Data below =>
Content starts

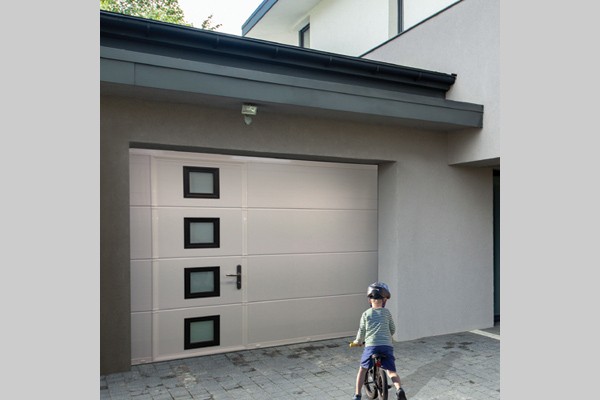 Prix grande porte de garage sectionnelle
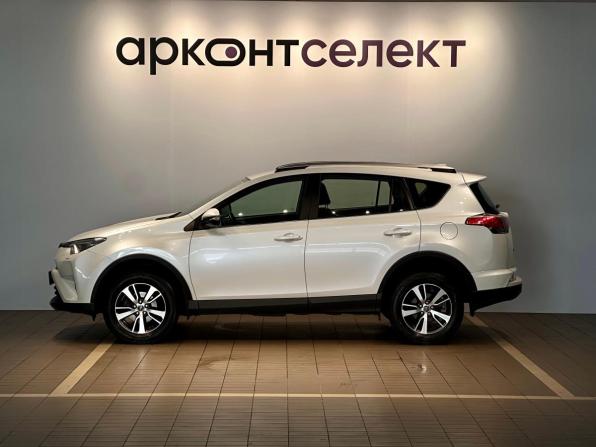 Toyota RAV4 IV (XA40) Рестайлинг с пробегом 2018 года, цена 2 190 000 рублей, 156593 км, внедорожник, Автокод Объявления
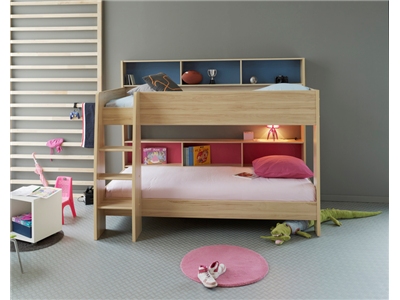 Poschodová posteľ z Adla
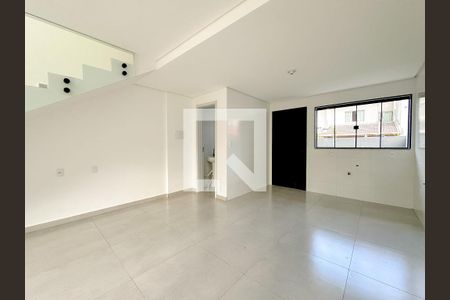 Casa para alugar com 2 quartos, 84m² em Potecas, São José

Content ends

Task instructions =>
Set down the material above as is, without any pictures.

Exercise output =>
 Prix grande porte de garage sectionnelle
 Toyota RAV4 IV (XA40) Рестайлинг с пробегом 2018 года, цена 2 190 000 рублей, 156593 км, внедорожник, Автокод Объявления
 Poschodová posteľ z Adla
 Casa para alugar com 2 quartos, 84m² em Potecas, São José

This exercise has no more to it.